> ACTION ITEM
Transcribe exactly the lines below that begin at the line with "Horsley Woodhouse 7th September 2024" and stop after the line with "A cat laying on a cat bed", leaving out every picture.

═══ MATERIAL SUPPLIED

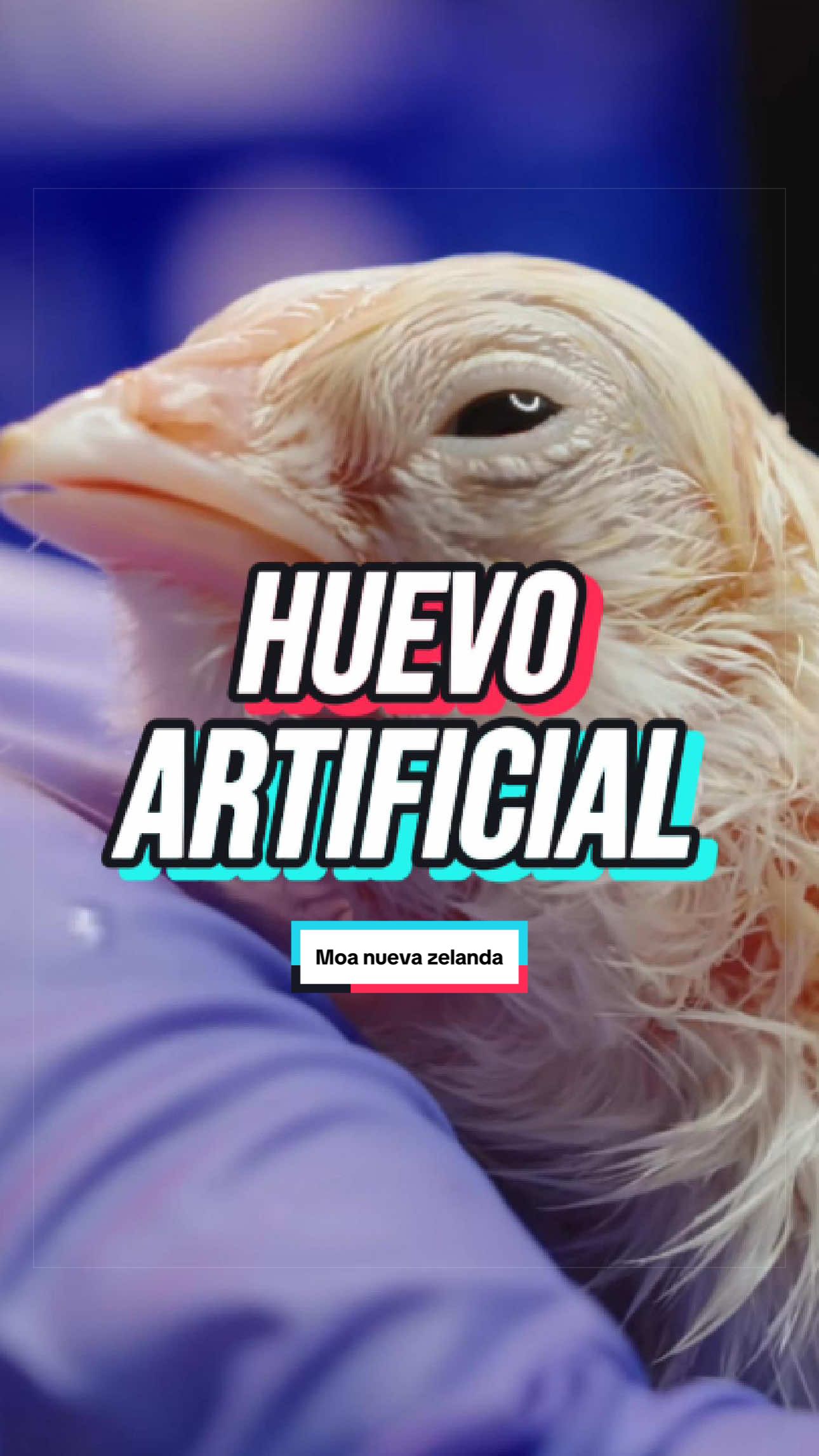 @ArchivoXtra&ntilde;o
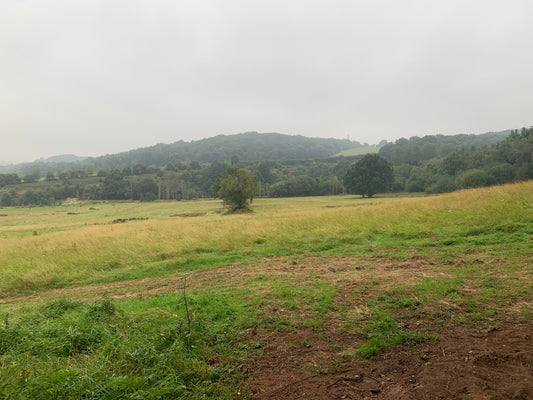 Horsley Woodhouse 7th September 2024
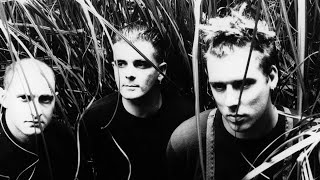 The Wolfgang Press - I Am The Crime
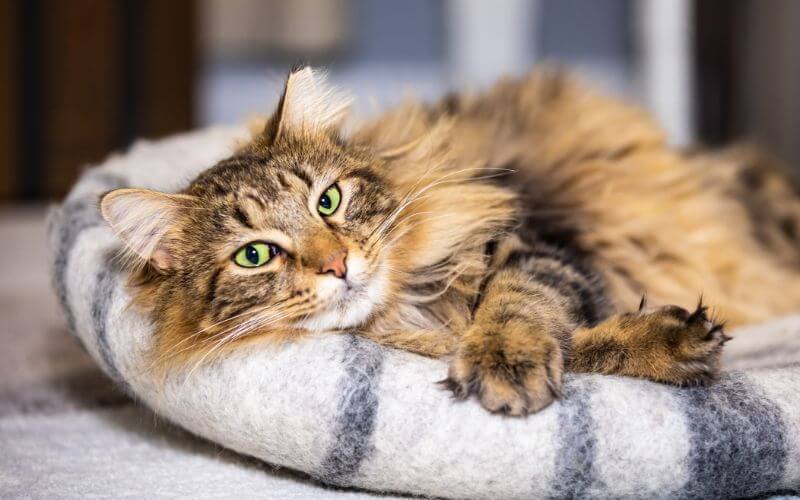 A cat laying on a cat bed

══════
═══ MATERIAL SUPPLIED

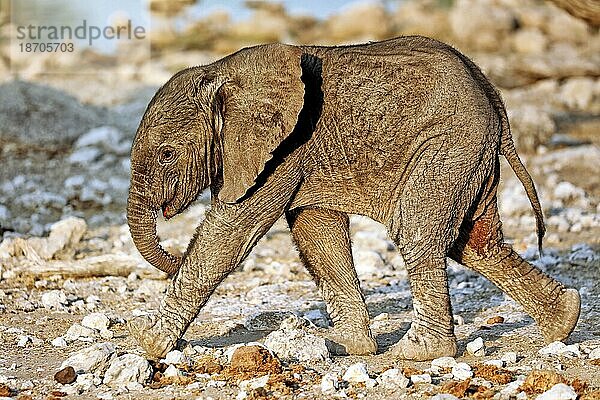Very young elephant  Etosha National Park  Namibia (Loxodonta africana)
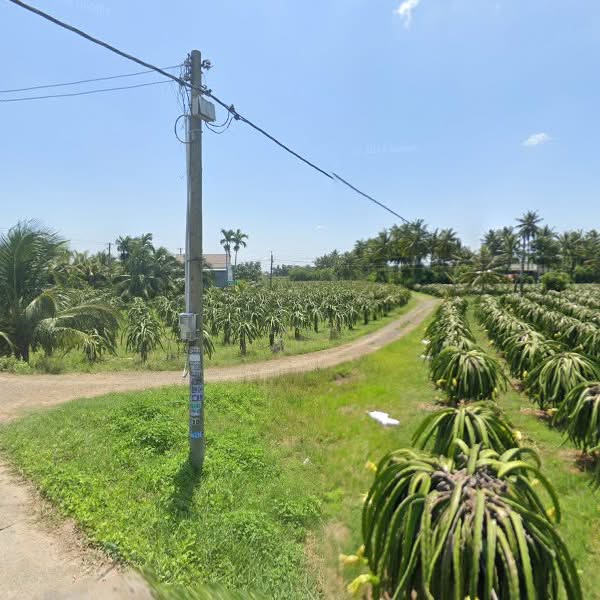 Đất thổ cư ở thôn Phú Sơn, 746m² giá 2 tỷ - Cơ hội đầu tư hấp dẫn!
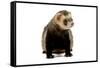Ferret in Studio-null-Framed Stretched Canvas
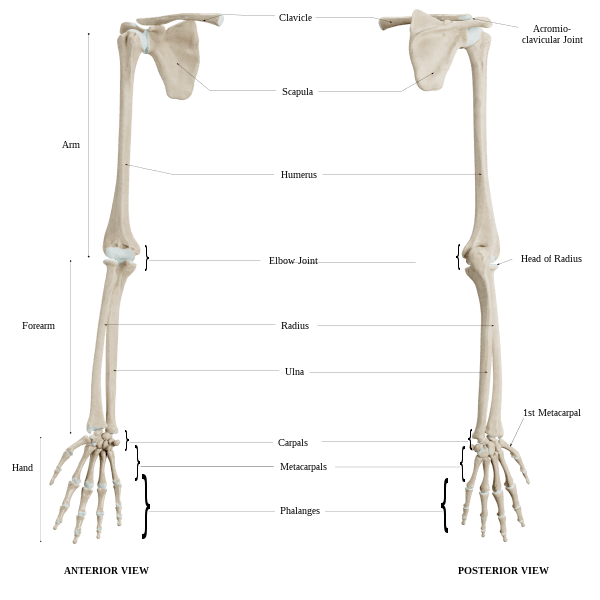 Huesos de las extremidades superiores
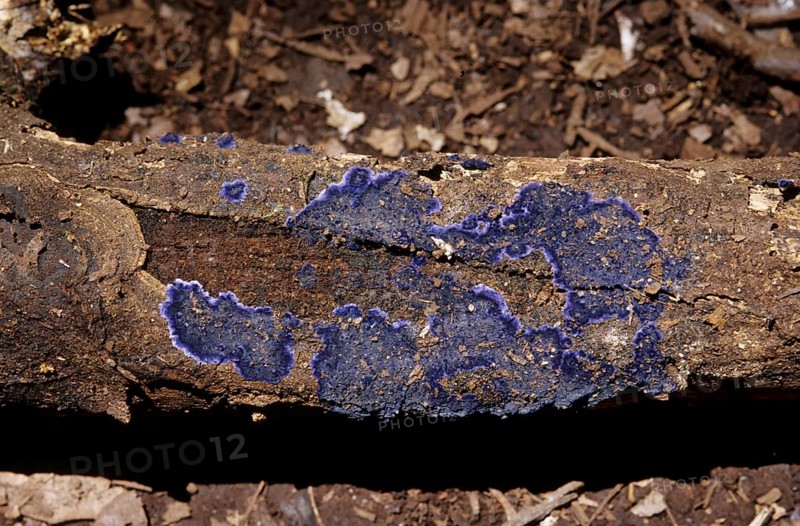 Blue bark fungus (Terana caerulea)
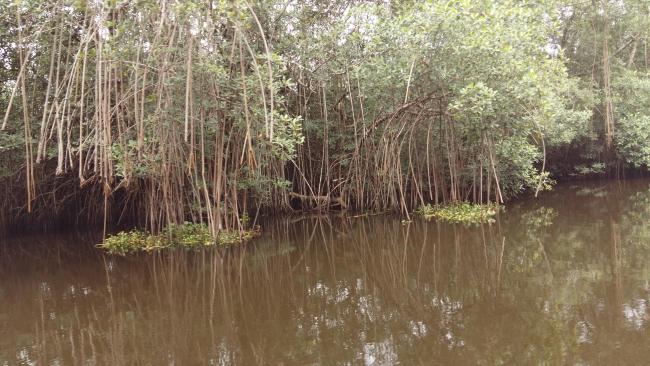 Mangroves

══════

> ANSWER TO THIS PROBLEM
 Horsley Woodhouse 7th September 2024
 The Wolfgang Press - I Am The Crime
 A cat laying on a cat bed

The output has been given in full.